The documents undercut assertions by President
Bush, Vice President Dick Cheney, former Defense
Secretary Donald Rumsfeld, and other senior
administration officials that the brutal
interrogations were the result of "a few bad
apples" who acted on their own accord.
"How did it come about that American military
personnel stripped detainees naked, put them in
stress positions, used dogs to scare them, put
leashes around their necks to humiliate them,
hooded them, deprived them of sleep, and blasted
music?" said Sen. Carl Levin, the Michigan
Democrat who chairs the Armed Services Committee,
in an opening statement before the hearing.
"Were these actions the result of 'a few bad
apples' acting on their own? It would be a lot
easier to accept if it were," Levin added. "But
that's not the case. The truth is that senior
officials in the United States government sought
information on aggressive techniques, twisted the
law to create the appearance of their legality,
and authorized their use against detainees. In
the process, they damaged our ability to collect
intelligence that could save lives."
Tuesday's hearing provided the most revealing
look yet at the White House's so-called "enhanced
interrogation" program and offers up new details
about the time frame in which the policy was drafted.

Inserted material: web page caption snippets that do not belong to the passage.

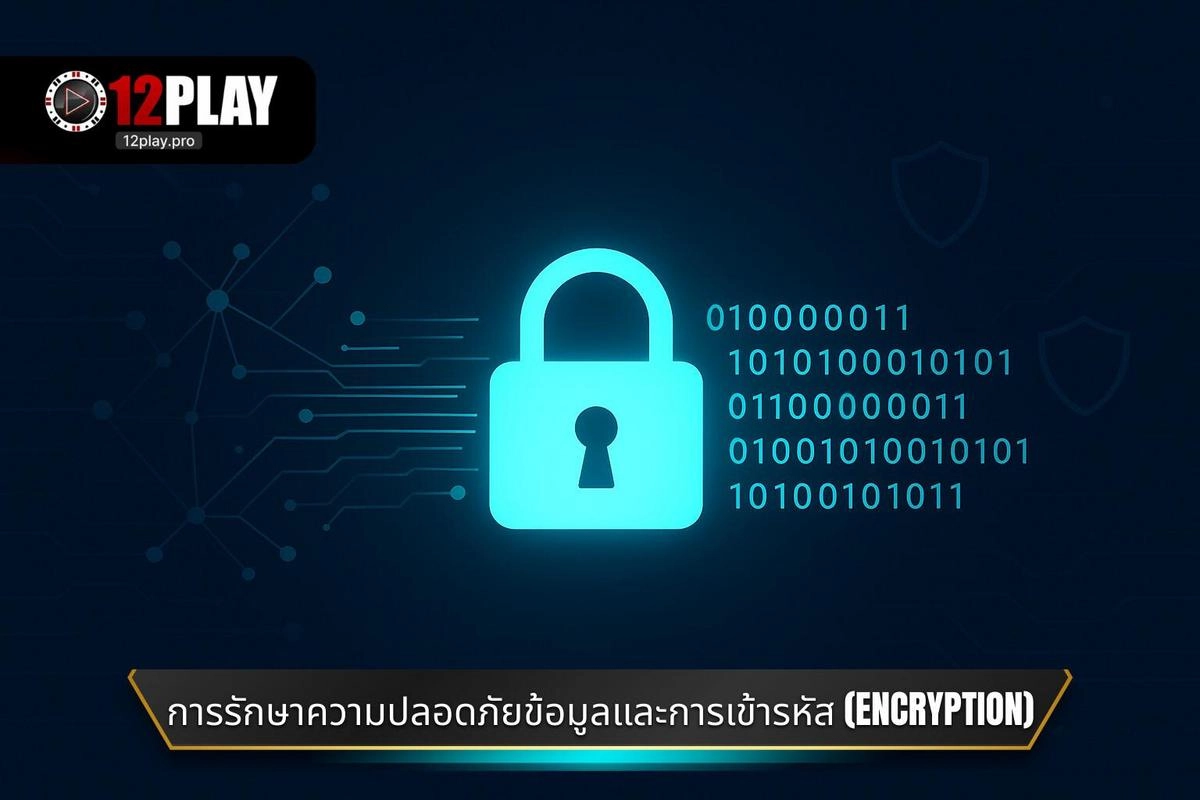 การรักษาความปลอดภัยของข้อมูลและการเข้ารหัส (Encryption)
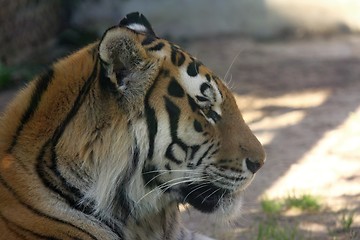 Image showing amur tiger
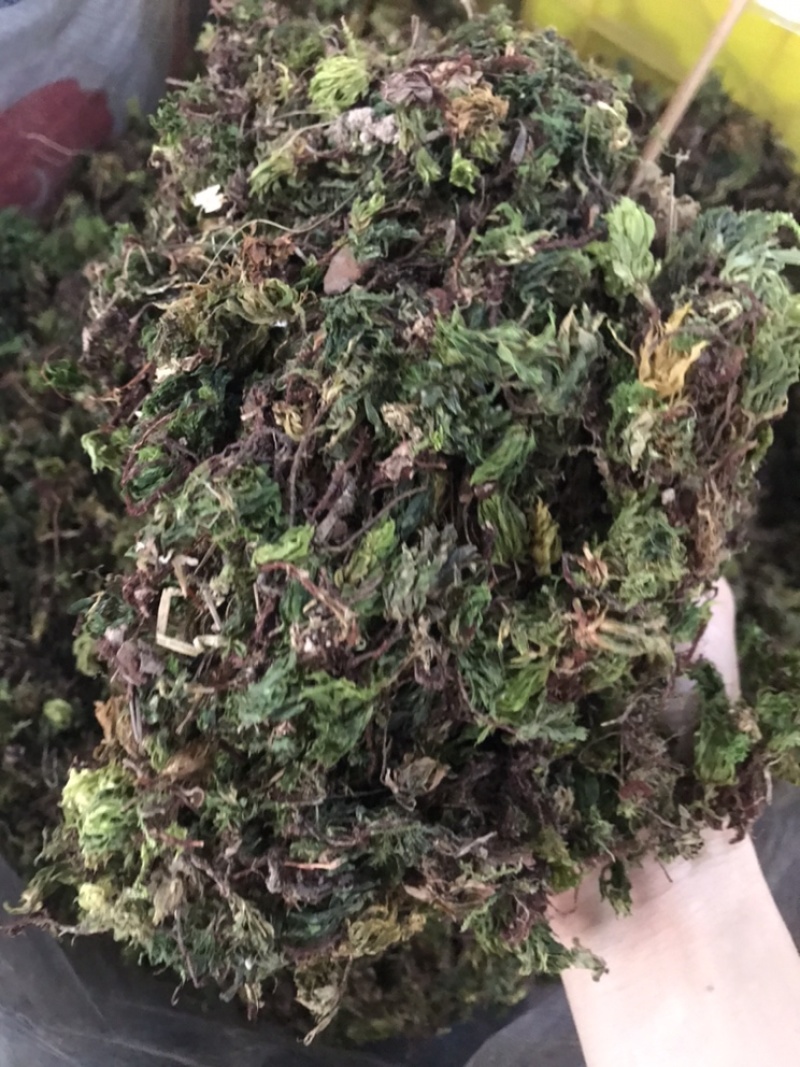 野生回芯草，回心草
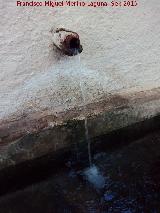 Fuente Ribera. Caño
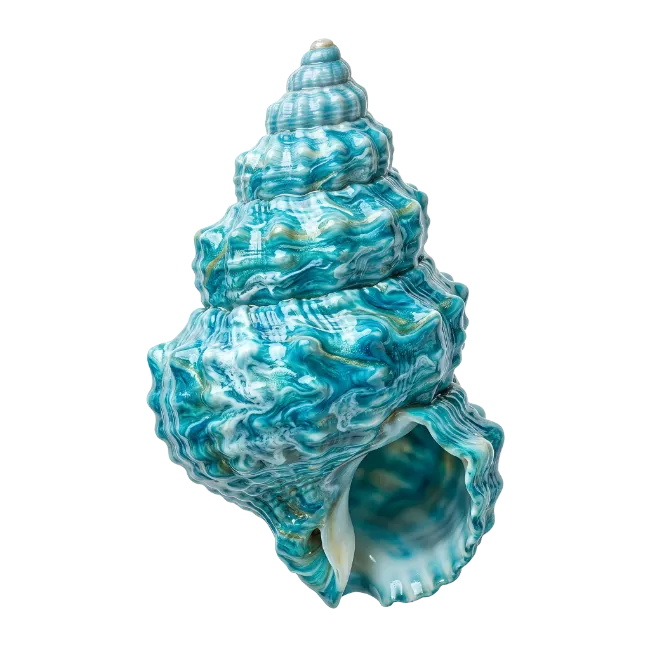 Blue and White Spiral Seashell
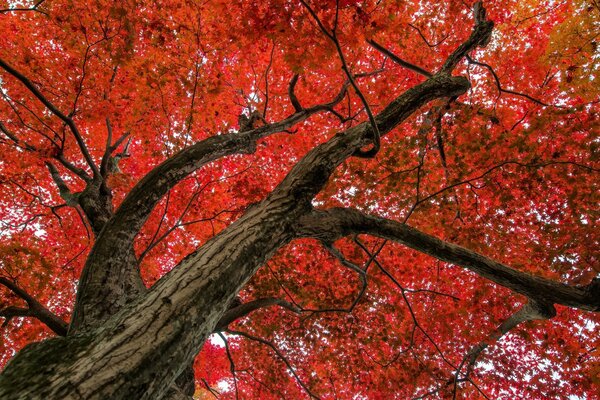 Automne. Feuilles rouges sur l arbre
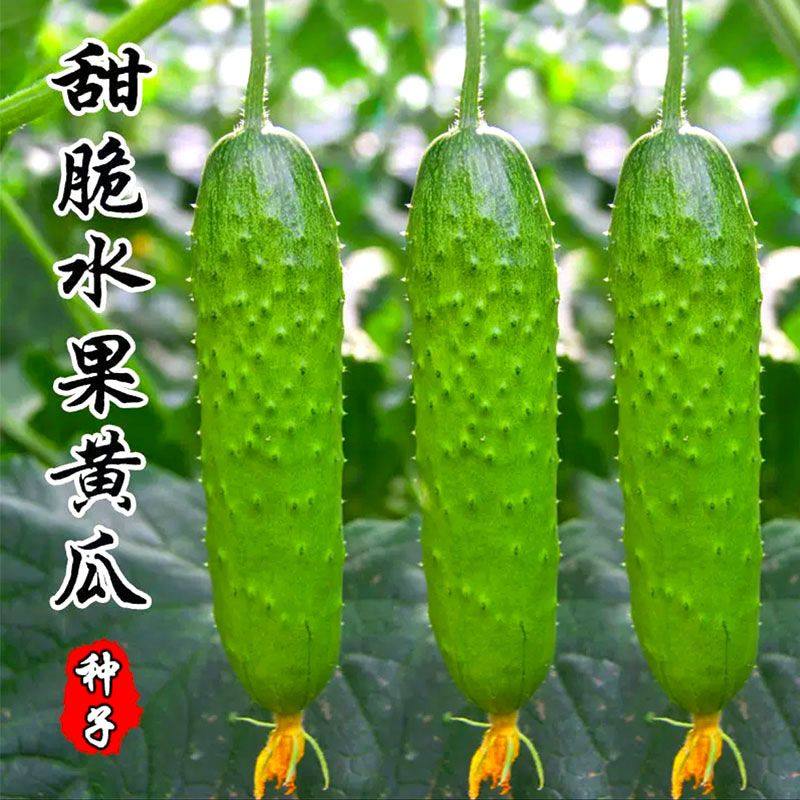 水果黄瓜籽四季播种水果黄瓜种子高产小黄瓜庭院盆栽大棚蔬菜种子,鲜花速递/花卉仿真/绿植园艺,家庭园艺种子,淘宝优惠券,粉丝福利购,淘宝优惠卷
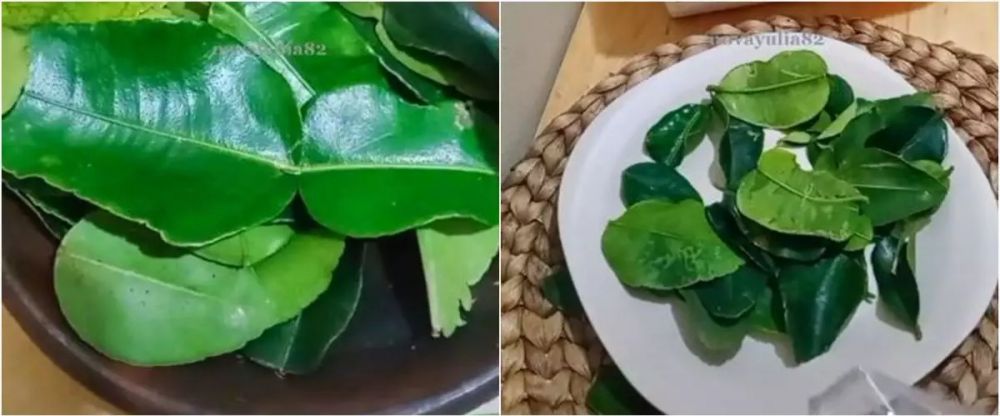 Cara simpan daun aromatik (daun jeruk, salam, pandan) agar tidak busuk hingga 3 bulan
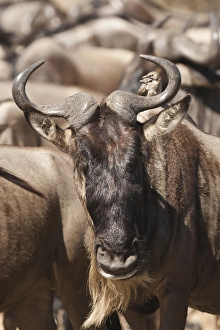 Africa, Kenya, Masai Mara GR, Lower Mara, White-bearded Wildebeest or Gnu, Connochaetes taurinus Africa, Kenya, Masai Mara GR, Lower Mara, White-bearded Wildebeest or Gnu, Connochaetes taurinus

The hearing comes two weeks after a letter signed
by 56 House Democrats was sent to Attorney
General Michael Mukasey, requesting that he
appoint a special prosecutor to investigate
whether White House officials, including
President Bush, violated the War Crimes Act when
they allowed interrogators to use brutal
interrogation methods against detainees suspected
of ties to terrorist organizations.
"The Bush administration may have systematically
implemented, from the top down, detainee
interrogation policies that constitute torture or
otherwise violate the law," the letter to Mukasey
says. "We believe that these serious and
significant revelations warrant an immediate
investigation to determine whether actions taken
by the President, his Cabinet, and other
Administration officials are in violation of the
War Crimes Act, the Anti-Torture Act, and other U.S. and international laws."
The Armed Services Committee's 18-month
investigation, which generated 38,000 pages of
documents, singled out former Secretary of
Defense Donald Rumsfeld and William "Jim" Haynes
II, the Pentagon's former general counsel, as the
officials who sought guidance on implementing
more aggressive interrogation methods.
The committee is expected to release a full
report later this year. So far, the probe has
found that Rumsfeld and Haynes solicited input
from military psychologists in July 2002, far
earlier than they had previously acknowledged,
about developing harsh methods interrogators
could use against detainees held at Guantanamo Bay.
The report states that as early as July 2002,
Rumsfeld, Haynes and other officials queried
military psychologists about the use of
waterboarding, and other brutal methods,
interrogators could use against detainees at
Guantanamo in order to easily extract information
that would otherwise not be gained through more
conventional interrogations methods.
Rumsfeld and Haynes' questions were raised one
month before John Yoo, a former deputy in the
Justice Department's Office of Legal Counsel,
issued two memos that authorized interrogators to
use stress positions, military dogs, and other
still unknown methods against suspected terrorists being held at Guantanamo.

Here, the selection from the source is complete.